The Shaggs: Philosophy of the World

Three of my favorite movies, The Muppet Movie, Almost Famous and That Thing You Do!, either center around or feature a band (Dr. Teeth and the Electric Mayhem; Stillwater; and The Wonders, for those keeping score). So you would think that a new musical about a band would thrill and delight me. I can’t add The Shaggs: Philosophy of the World to my list of favorites, but there’s potential.


“Based on the true story of The Shaggs,” this new musical, currently being given its New York premiere (other iterations have appeared in Chicago and Los Angeles, and a workshop was previously presented in Rochester), tells the story of the Wiggin family. It’s 1968* in Fremont, New Hampshire, and patriarch Austin (Peter Friedman) is searching for something, for purpose, really, and decides that his future can be found in the form of his daughters, Dot, Betty and Helen (Jamey Hood, Sarah Sokolovic and Emily Walton), forming a band, The Shaggs. Mom Annie (Annie Golden) hesitantly goes along with the plan, even when it means ponying up their life savings in order to record and promote The Shaggs’s debut (and only) record, Philosophy of the World. Complicating matters are Helen’s love interest Kyle (Cory Michael Smith), and a variety of authority figures and record business types, played with zest by Kevin Cahoon and Steve Routman.


Written by Joy Gregory and Gunnar Madsen (with story by Gregory, Madsen and director John Langs), The Shaggs tells an interesting story, though there are pieces of the story that could use further exploration and some of the production elements left me feeling uneasy.


The musical begins with Papa Wiggin standing at his deceased mother’s headstone, wondering aloud, what’s it all about, Austin? It seems his mother had a sixth sense of some sort, and Austin is looking for the signs that will help deliver him and his family from the typical suburban life. Austin’s relationship with his mother is reiterated a few times throughout the musical but Austin’s internal struggle - which ultimately leads him to push his daughters into the life he never led - isn’t explored deep enough for my taste. And his wife, Annie, is given terribly short shrift. She has a couple of moments that display her strength of character (and one great song, “Flyin’”) but those moments are too few.


A lot of the focus in on the girls, Dot, Betty and Helen, and their relationships with each other and their father.
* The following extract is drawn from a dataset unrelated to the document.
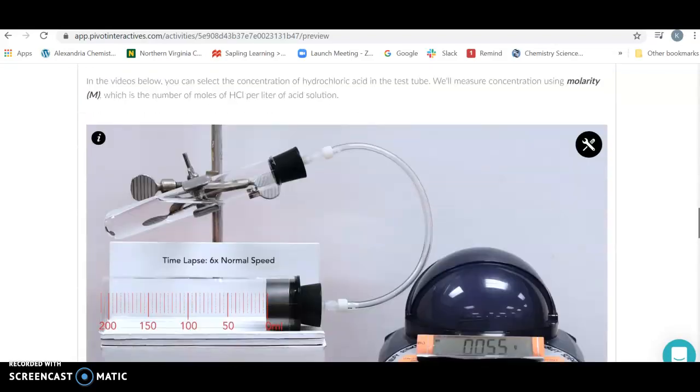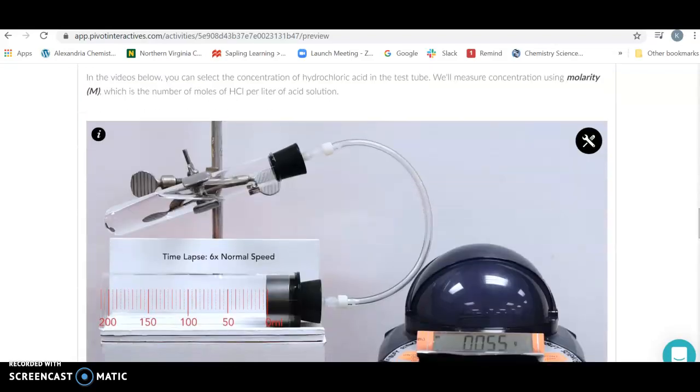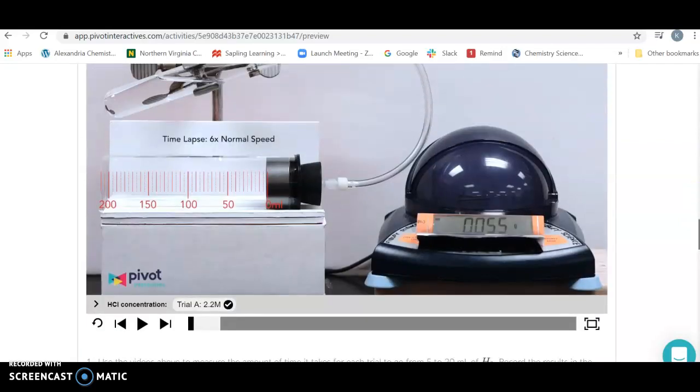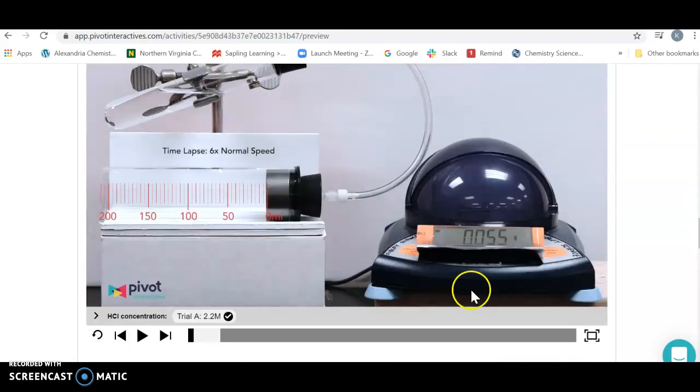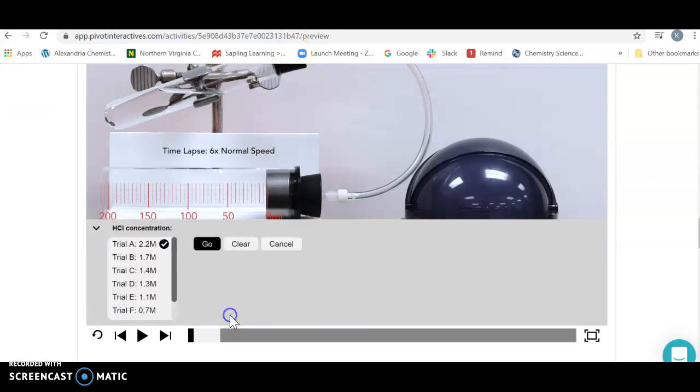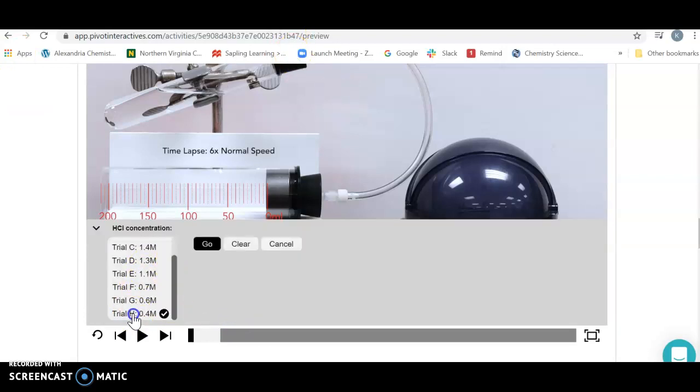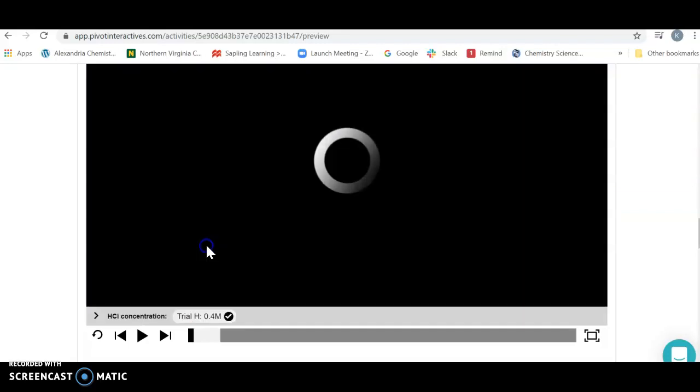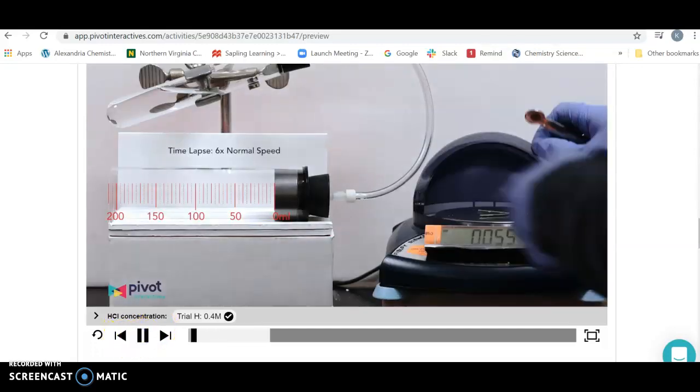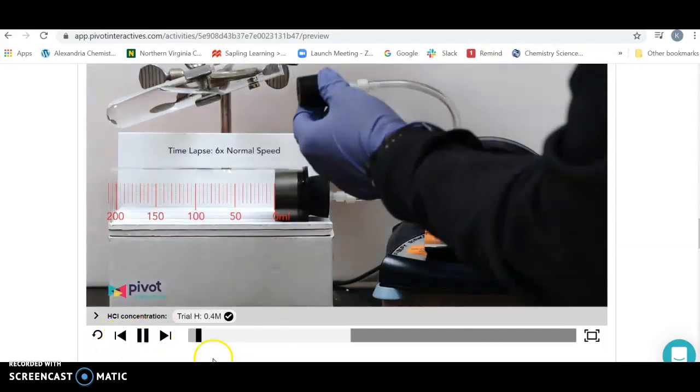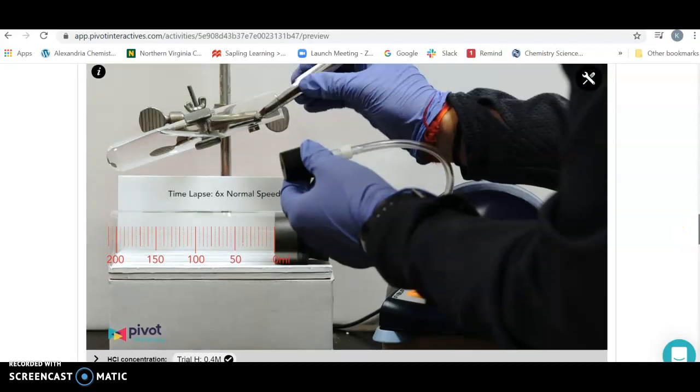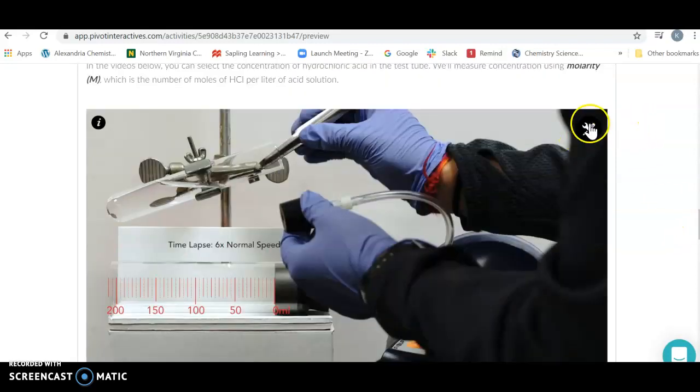In part two we're actually going to do the experiment. We're going to vary concentration of the HCl and see what happens to the rate. To me it makes more sense to go from dilute to concentrated, so I'm going to start at the very bottom. I'm going to press the go button. Note my tools are gone. Pause that. I've got to get my tools out, get your stopwatch.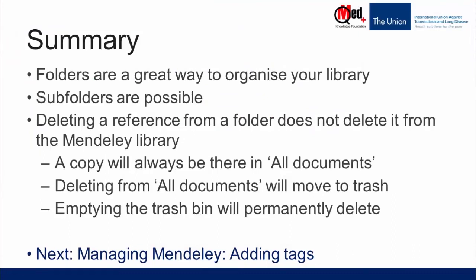To summarize, folders are a great way to organize your library. You can create subfolders and sub-subfolders. Please note deleting a reference from a folder does not delete it from the Mendeley library. A copy will always be there in all documents. If you really want to delete, you have to delete it from all documents. Even then, it moves to a folder called trash and only emptying the trash bin will permanently delete all the documents. In the next video, we will show you how to manage Mendeley library by adding tags.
Dot is, self admittedly, not the favorite but she’ll do anything to please her father. All she wants is for her father to like her and be proud of her. Betty is the most vocally defiant one and sort of “over” the family dynamic and humdrum-ness of her life. Helen is inquisitive and loves her father, but she’s also the youngest and has the most exploring to do. We watch her blossom throughout the show, particularly as her relationship with Kyle grows. All three girls make for compelling characters, but there was something about their presentation that struck me as strange.
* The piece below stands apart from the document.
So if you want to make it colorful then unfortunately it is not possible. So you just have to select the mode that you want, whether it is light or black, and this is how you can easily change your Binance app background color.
Have you read or seen The Virgin Suicides? (Sofia Coppola’s adaptation of the Jeffery Eugenides novel is meticulously faithful.) Can you picture the five Lisbon girls dancing around the front yard, blond hair flowing and white cotton dresses blowing in the breeze? When we first meet the Wiggin girls, that’s what I thought of. All three of them have identical haircuts - long, wavy brown hair with bangs - and they’re wearing white cotton sleep dresses as they dance around their father in the living room. Something about the way Austin tries to program the girls’ lives reminded me of the strict rules in the Lisbon house, and so throughout the entire musical, I was worried that some tragedy would befall the Wiggin girls.


The story of the Shaggs isn’t nearly as fatal, though it is arguably nearly as tragic. These girls are all but robbed of an adolescence and are forced to kowtow to their father’s demands - regardless of their feelings. In fact, they are barely able to give voice to their feelings, except to each other. Mom can’t stand up for them because that’s not how the husband-wife dynamic worked then. Despite the Shaggs not being very good, Austin thinks they could be as big as the Beatles, and he pushes them through humiliation after humiliation. Finally, desperate measures disabuse Austin of the notion that he can control his daughters but yet, tragically, there is no happiness in freedom for the Wiggin girls.


The writing is decent - the book and score are mostly solid - but something is missing. This is missing a clear focus and point of view. It’s missing fully fleshed out characters. It’s missing its soul and it’s missing a knock out ending. (Even with all those things missing, The Shaggs felt too long.)


Again, I think there’s potential here. While it wasn’t captivating, it did hold my interest. The performances were good (I was particularly impressed with original Hair alumna Annie Golden and theatre newcomer Cory Michael Smith), and the set and costumes (Mimi Lien and Emily Rebholz, respectively) seemed to hit the right notes of a modest, sheltered family in the late 60s. Still, I don’t want to put on a Shaggs record... but I might be interested in a remastered version.


*The program says the action takes place in 1969 but a banner displayed in one scene places the year at 1968. Suffice it to say that the action (save for an epilogue set in 1980) takes place in the late 60s.